Note that for each distribution `dist`

, the name of that function that generates random numbers from `dist`

is `rdist`

. There are also functions `ddist`

, `pdist`

, and `qdist`

. `ddist`

will return the height of the pdf, `pdist`

will return the cdf, and `qdist`

will give the inverse cdf (the quantiles).

It’s annoying that there is no clear way that the names of the distributions become the stem at the heart of those d-, p-, q-, and r- functions. Is it the first four letters? No, it’s the first three letters for the exponential distribution and (not the first) five letters for the negative binomial distribution. (And the *whole* name when you start looking at things like the Weibull distribution.) Obviously you learn the names after you use them for a while. And to repeat, it is also strange that you can’t pass the name of a distribution (or your own pdf) to a more generic function. Mind you, such generic functions would have to handle the gamut of idiosyncrasies of different probability distributions. Maybe it is better this way.

I will add more distributions later. It will also be useful to work out how to generate samples from my own pdfs. I will add instructions for this later.
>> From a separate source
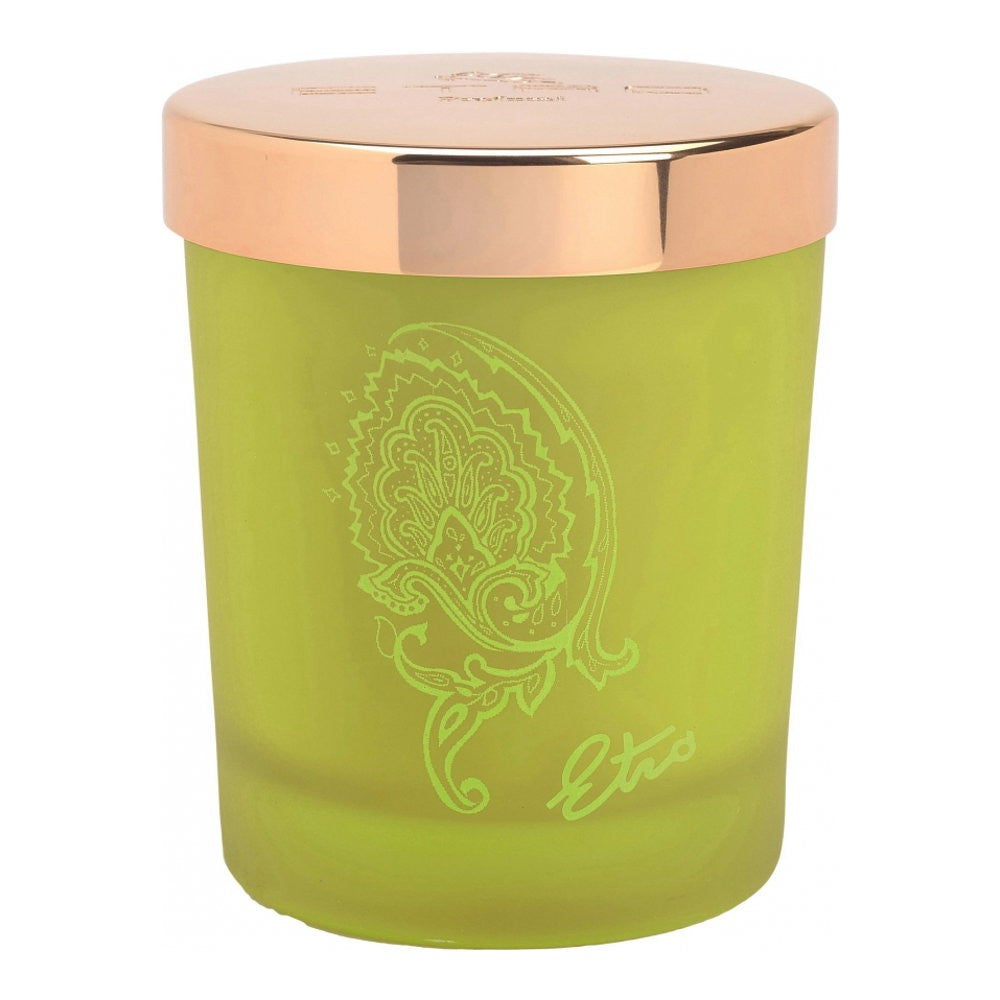 Etro Dafne-tuoksukynttilä 170 g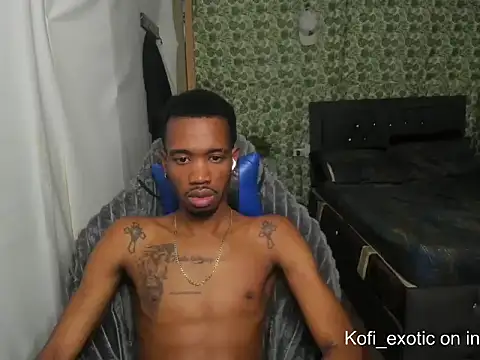 Kofi_exotic_2 webcam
There are also tests to checking hypotheses that data follow a particular distribution and I will add instructions for this in another post.

## Generating random numbers for change of state

Often this is simply a case of generating uniform random numbers in [0,1]. You can use `runif(1)`

because 0.0 and 1.0 are the default values for `min`

and `max`

for `runif`

. The seed changes each time you start R. If you need to use the same seed to repeat previous work, you can use the `set.seed`

function before using `runic`

. Check out the R man page for Random Number Generation for more detail. This always feels like something that I should know more thoroughly, yet every time I come to random number generation I skim the literature to convince myself it works and then I leave it at that. Generally I tend to stick to the state of the art in what happens to ‘just work’ and then hammer that.

I’ll add other techniques that use other distributions later. I think particularly of the negative binomial distribution but I want to write a separate post about that a later date. When I write that post I’ll add the relevant R code to this post (and the Java to the Java post, and so on).

## Generating your lottery numbers

The lottery is a mug’s game, but you definitely won’t win if you never play. (Technically if you don’t play you can’t lose, and lotteries set you up to lose: the clue is in the name.) Nevertheless, for special occasions when you might want to quickly generate lottery numbers, or N integers in some other range, you should use `sample(6,1:49)`

for your lucky ticket, or `sample(numSamples,low:high)`

for the more general case.

## Other notes

It also goes without saying that it’s a great idea to use the amazing help in R.